710 lines (561 loc) · 22.3 KB

SensorAugmentor API Reference

Welcome to the SensorAugmentor API reference documentation. This document provides detailed information about all the classes, methods, and functions available in the SensorAugmentor framework.

Table of Contents

Core Components

ResidualBlock

class ResidualBlock(nn.Module):
    def __init__(self, dim: int, activation: nn.Module = nn.ReLU()):
        # ...
    
    def forward(self, x: torch.Tensor) -> torch.Tensor:
        # ...

A residual block with two linear layers and a skip connection.

Parameters:

  • dim (int): Dimension of input and output features.
  • activation (nn.Module, optional): Activation function to use. Default: nn.ReLU().

Attributes:

  • linear1 (nn.Linear): First linear layer with shape (dim, dim).
  • linear2 (nn.Linear): Second linear layer with shape (dim, dim).
  • activation (nn.Module): Activation function used between layers.

Methods:

  • forward(x): Forward pass through the residual block.
    • Parameters:
      • x (torch.Tensor): Input tensor of shape (batch_size, dim).
    • Returns:
      • torch.Tensor: Output tensor of shape (batch_size, dim).

Example:

import torch
from sensor_actuator_network import ResidualBlock

# Create a residual block with 64 dimensions
block = ResidualBlock(64)

# Create a random input tensor
x = torch.randn(32, 64)  # batch_size=32, dim=64

# Forward pass
output = block(x)
print(output.shape)  # torch.Size([32, 64])

SensorAugmentor

class SensorAugmentor(nn.Module):
    def __init__(self, 
                 sensor_dim: int = 32, 
                 hidden_dim: int = 64, 
                 output_dim: int = 16, 
                 num_resblocks: int = 2,
                 activation: nn.Module = nn.ReLU()):
        # ...
    
    def forward(self, x_lq: torch.Tensor, x_hq: Optional[torch.Tensor] = None) -> Tuple[torch.Tensor, ...]:
        # ...

Main model for enhancing low-quality sensor data and generating actuator commands.

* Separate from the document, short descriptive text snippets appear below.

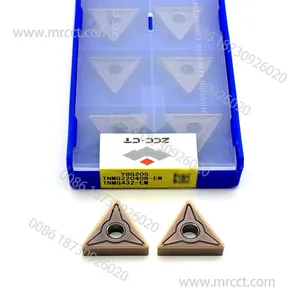 Original Carbide Insert ZCC TNMG220408-EM YBG205 For Stainless Steel thumbnail-1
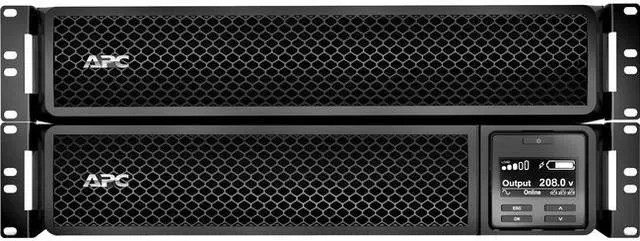 Alt view image 5 of 5 - APC SRT3000RMXLT-5KTF Smart-UPS On-Line, 3kVA, Rackmount 4U, 208V, 12x 5-20R+2x L6-20R NEMA outlets, SmartSlot, W/ transformer 208V to 120V, W/ rail kit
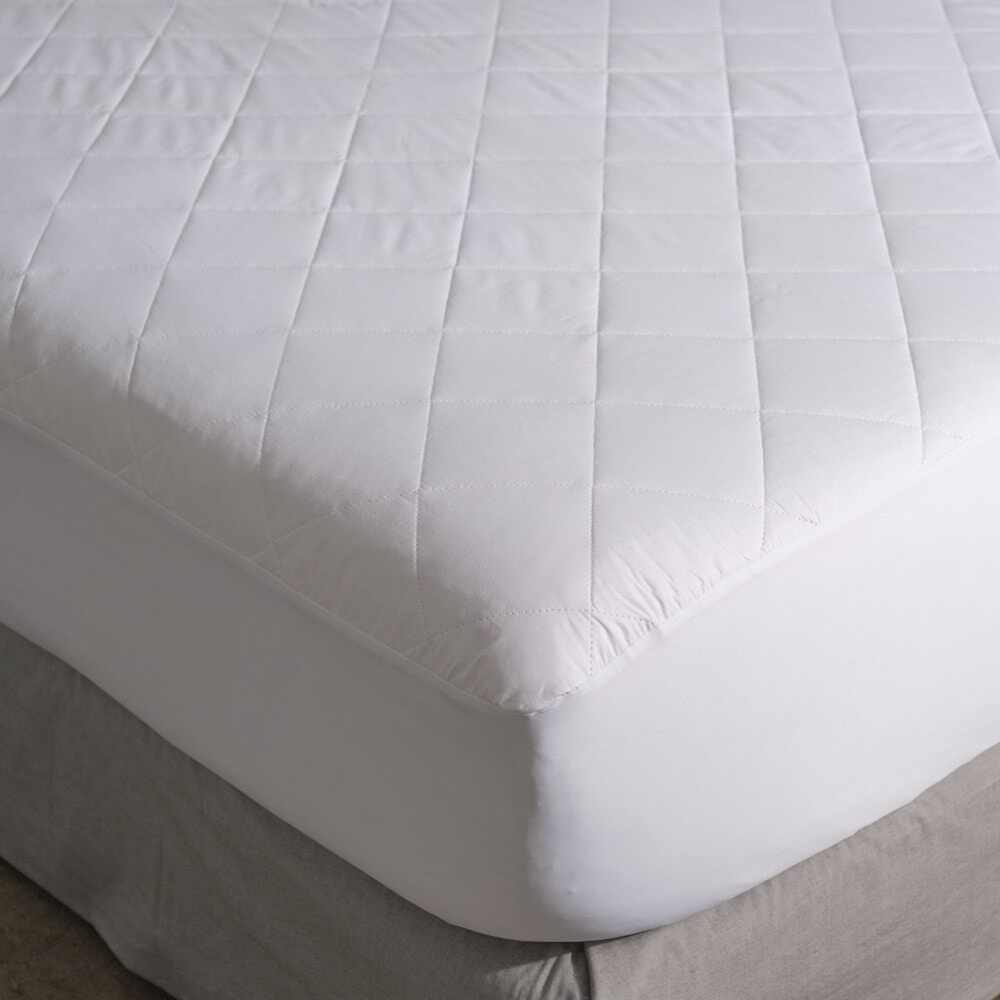 Canningvale 250 Gsm 100% Cottton Long Single Bed Mattress Protector White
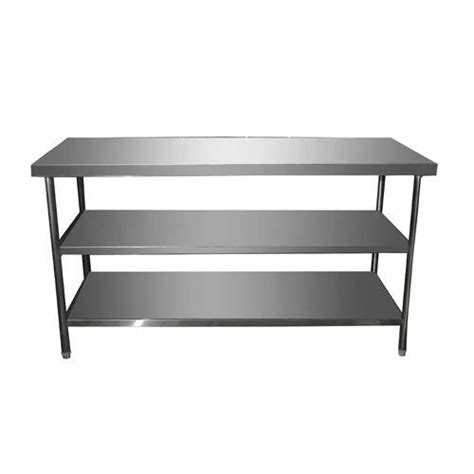 DG DEXAGLOBAL DG Stainless Steel Work Table-Commercial Grade -2 Under ...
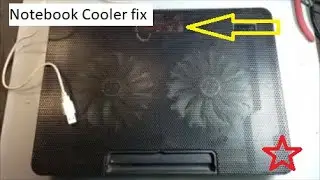 Notebook Cooler Fix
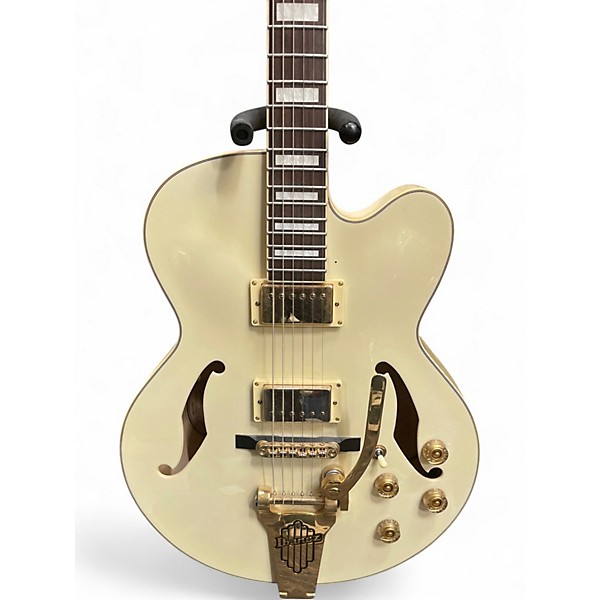Used Ibanez AF75TDG Vintage White Hollow Body Electric Guitar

Uses a teacher-student architecture with residual connections.

Parameters:

  • sensor_dim (int, optional): Dimension of the sensor data. Default: 32.
  • hidden_dim (int, optional): Dimension of the hidden layers and latent representation. Default: 64.
  • output_dim (int, optional): Dimension of the actuator command. Default: 16.
  • num_resblocks (int, optional): Number of residual blocks in the encoder. Default: 2.
  • activation (nn.Module, optional): Activation function to use. Default: nn.ReLU().

Attributes:

  • encoder (nn.Sequential): Encoder network that transforms sensor data into latent representations.
  • hq_reconstructor (nn.Sequential): Network that reconstructs high-quality sensor data from latent representations.
  • actuator_head (nn.Linear): Linear layer that maps latent representations to actuator commands.
  • post_encoding_resblock (ResidualBlock): Additional residual block after encoding.

Methods:

  • forward(x_lq, x_hq=None): Forward pass through the model.
    • Parameters:
      • x_lq (torch.Tensor): Low-quality sensor data of shape (batch_size, sensor_dim).
      • x_hq (torch.Tensor, optional): High-quality sensor data of shape (batch_size, sensor_dim). Required during training for teacher-student learning, not needed for inference.
    • Returns:
      • reconstructed_hq (torch.Tensor): Reconstructed high-quality sensor data.
      • act_command (torch.Tensor): Predicted actuator command.
      • encoded_lq (torch.Tensor): Latent representation of low-quality data.
      • encoded_hq (torch.Tensor or None): Latent representation of high-quality data (if provided).

Example:

import torch
from sensor_actuator_network import SensorAugmentor

# Create model
model = SensorAugmentor(
    sensor_dim=32,
    hidden_dim=64,
    output_dim=1,
    num_resblocks=3
)

# Training mode with both LQ and HQ data
batch_size = 16
x_lq = torch.randn(batch_size, 32)  # Low-quality sensor data
x_hq = torch.randn(batch_size, 32)  # High-quality sensor data

reconstructed, actuator_cmd, latent_lq, latent_hq = model(x_lq, x_hq)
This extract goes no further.